Did you really write that piece just for demonstration purposes? That's pretty over the top haha


----------



## Marcin M (Nov 2, 2017)

chrisphan said:


> Did you really write that piece just for demonstration purposes? That's pretty over the top haha


Lol  title tells everything. It's Thomas Bergersen's piece, I only arranged it


----------



## Voider (Apr 16, 2018)

Hey  I just wanted to add a new piece to this thread since there are still so few demos with only the factory content from Kontakt 5. This is basically my 2nd real attempt to write for orchestra ever and it's not done yet, it also has no mixing and mastering on it. Only instrument panning and a reverb send, that's all. I find this library quite powerful and I have to admit that I really underestimated its sound in the beginning.


----------



## P.N. (Apr 16, 2018)

Hi. I made instrument shells, using Kontakt Factory library and Wips over a year ago.

I did do many instruments, but i never really finished the set.

Here's an example:


----------



## thevisi0nary (Apr 16, 2018)

You should be writing music for rpgs my man, sick tracks.


----------



## Voider (Apr 17, 2018)

thevisi0nary said:


> You should be writing music for rpgs my man, sick tracks.

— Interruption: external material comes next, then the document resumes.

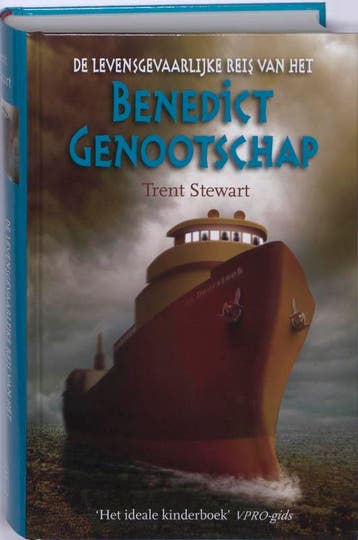 De levensgevaarlijke reis van het Benedict Genootschap, Verzenden, Zo goed als nieuw, T.L. Stewart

Glad to hear that, thanks a lot


----------



## topaz (Feb 25, 2021)

P.N. said:


> Hi. I made instrument shells, using Kontakt Factory library and Wips over a year ago.
> 
> I did do many instruments, but i never really finished the set.
> 
> Here's an example:


3 years later  this is a great idea. love to see more to make use of the legacy lib more


----------